- [ACTIVITY] Please write out exactly the line containing "Feel Good fase" below and every line after it, through the last one, but leave out any pictures.

- [GIVEN INFORMATION]

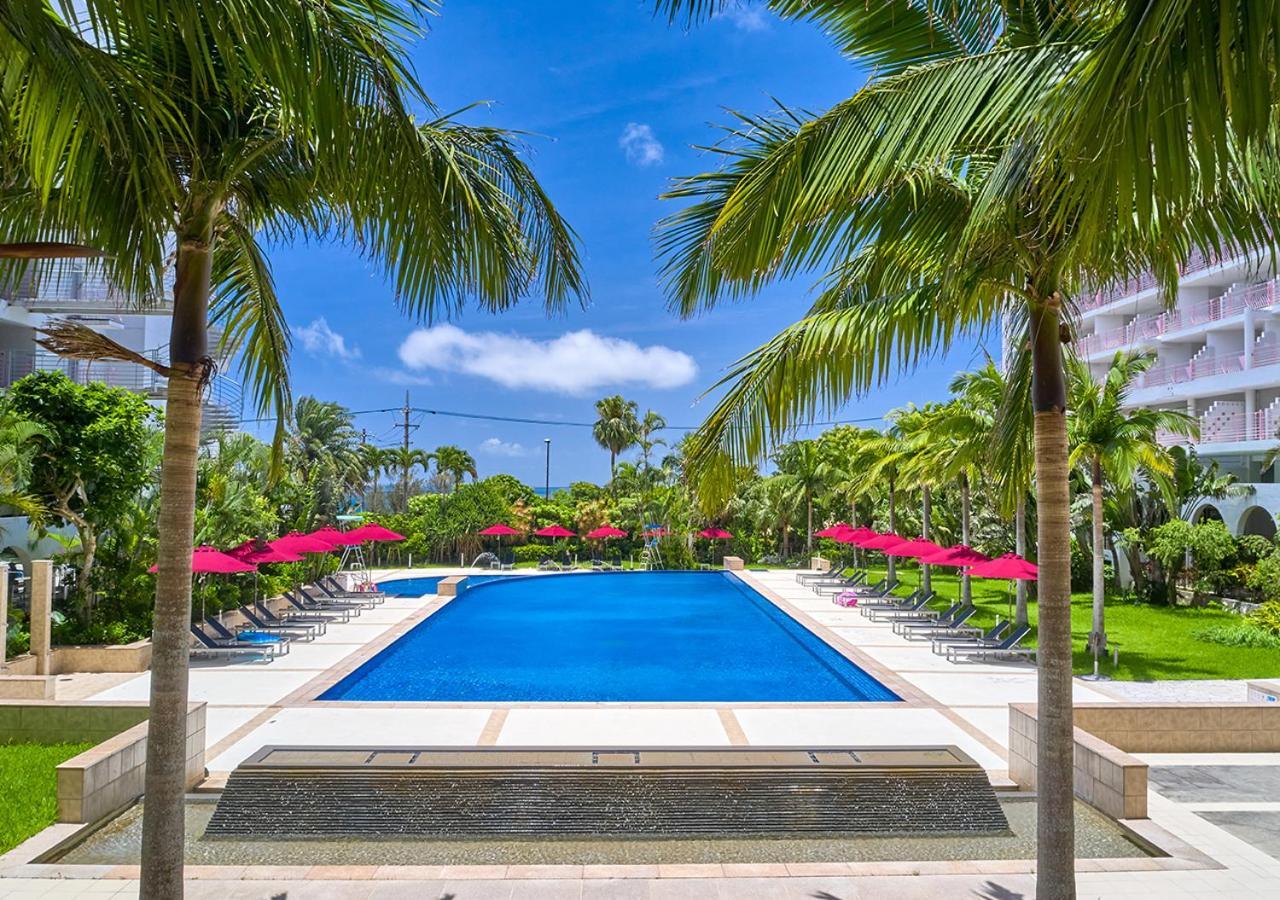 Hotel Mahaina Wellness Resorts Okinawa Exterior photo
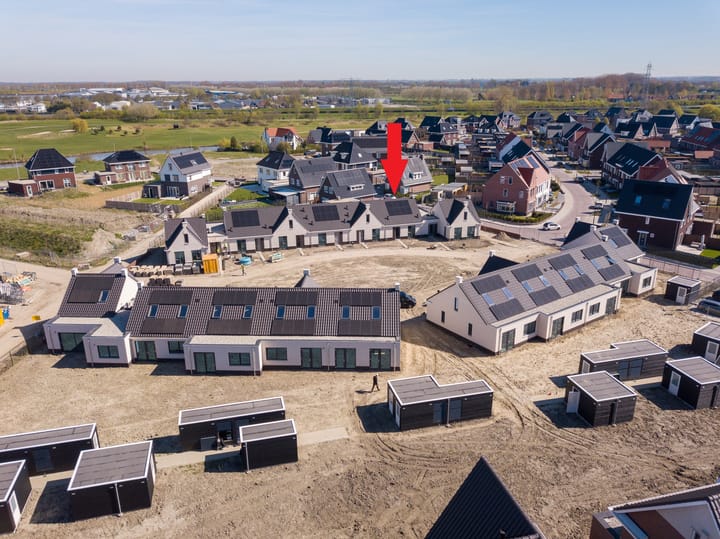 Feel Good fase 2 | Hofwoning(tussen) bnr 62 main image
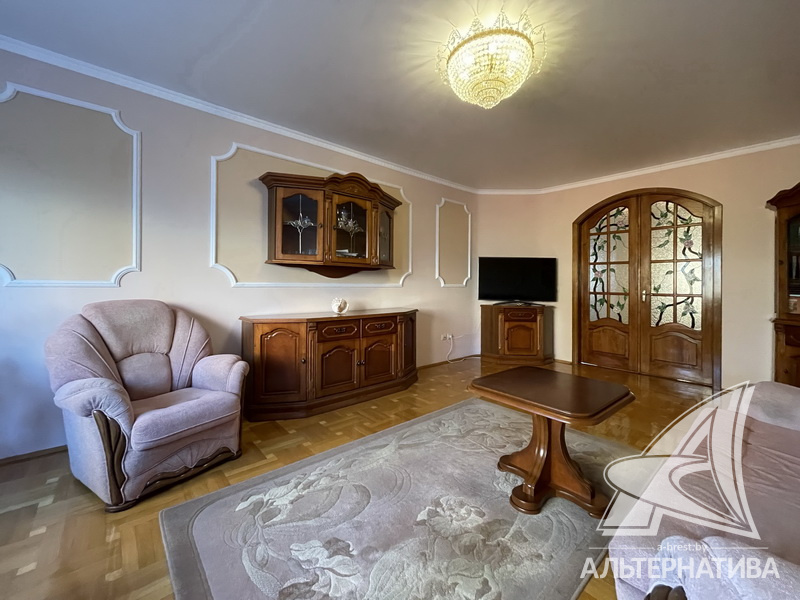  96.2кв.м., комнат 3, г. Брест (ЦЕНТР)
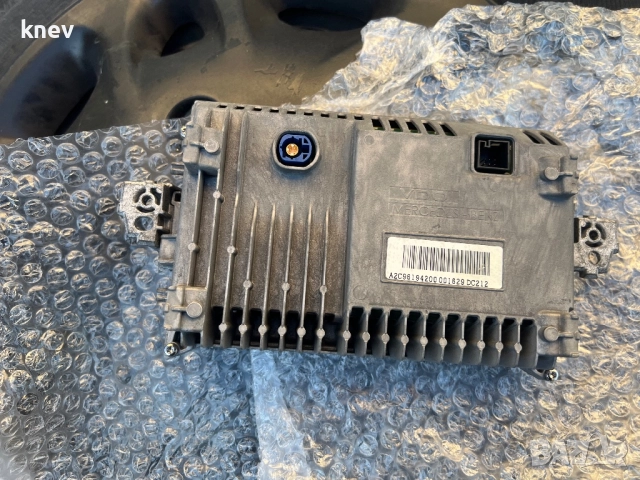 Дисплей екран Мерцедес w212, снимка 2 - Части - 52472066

- [RESULT BELOW]
 Feel Good fase 2 | Hofwoning(tussen) bnr 62 main image
  96.2кв.м., комнат 3, г. Брест (ЦЕНТР)
 Дисплей екран Мерцедес w212, снимка 2 - Части - 52472066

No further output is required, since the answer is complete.